═════ SUPPLIED RECORDS

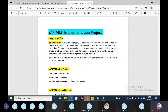Tata Motors sells its products through dealerships in the Indian domestic market. It also exports its products outside India. Tata Motors is a product-based company, with products sold in the domestic India market and also exported outside India.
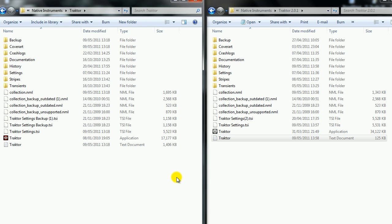Hello, just doing a video here on Traktor Pro 1 and 2. This is about getting your settings across from Traktor 1 into Traktor 2 so you can use it seamlessly. Once you've installed Traktor 2, you'll have no problems, all the same settings, and you'll basically pick up from where you left off.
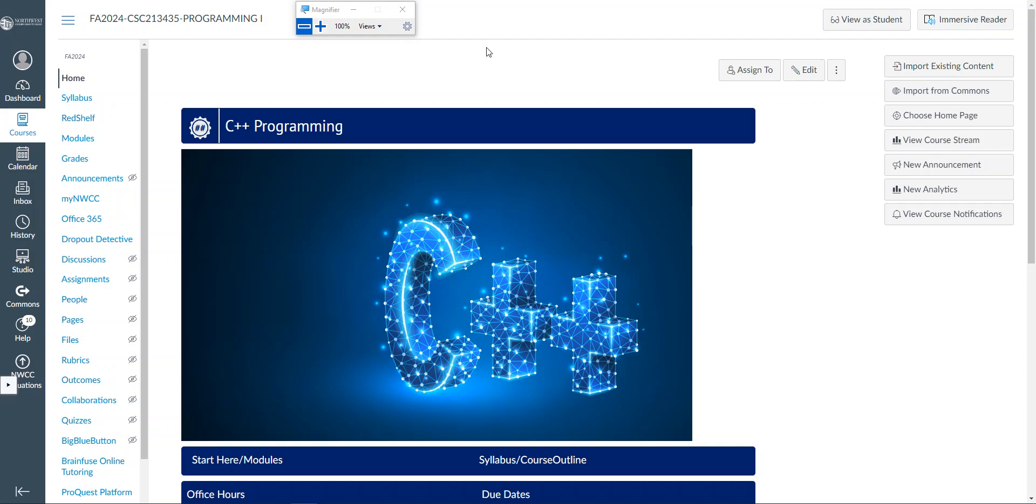Hi everyone. This is going to be a quick review video for the test over loops. Now first off, we've got a couple of terms to review. You should have heard most, not all, of these in the lecture videos prior.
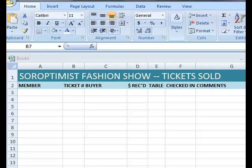My example will be for a fashion show where each Soroptimus Club member is assigned three tickets to begin with. Note that my columns are set up for member name, ticket number, buyer, money received, table assigned, checked-in status, and comments.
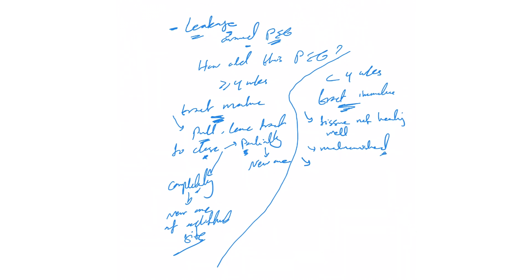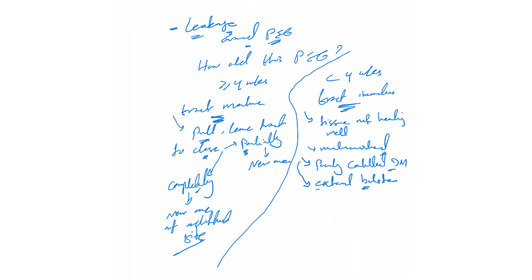Are they poorly controlled diabetic? You need to control it. And the third thing: is the external bolster too tight into the abdominal wall, hindering the tissue healing? You need to loosen that and allow it to heal.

══════════

WORK REQUIRED | Go back to the records above and write them out exactly, without the pictures.

EXERCISE RESULT |
Tata Motors sells its products through dealerships in the Indian domestic market. It also exports its products outside India. Tata Motors is a product-based company, with products sold in the domestic India market and also exported outside India.
Hello, just doing a video here on Traktor Pro 1 and 2. This is about getting your settings across from Traktor 1 into Traktor 2 so you can use it seamlessly. Once you've installed Traktor 2, you'll have no problems, all the same settings, and you'll basically pick up from where you left off.
Hi everyone. This is going to be a quick review video for the test over loops. Now first off, we've got a couple of terms to review. You should have heard most, not all, of these in the lecture videos prior.
My example will be for a fashion show where each Soroptimus Club member is assigned three tickets to begin with. Note that my columns are set up for member name, ticket number, buyer, money received, table assigned, checked-in status, and comments.
Are they poorly controlled diabetic? You need to control it. And the third thing: is the external bolster too tight into the abdominal wall, hindering the tissue healing? You need to loosen that and allow it to heal.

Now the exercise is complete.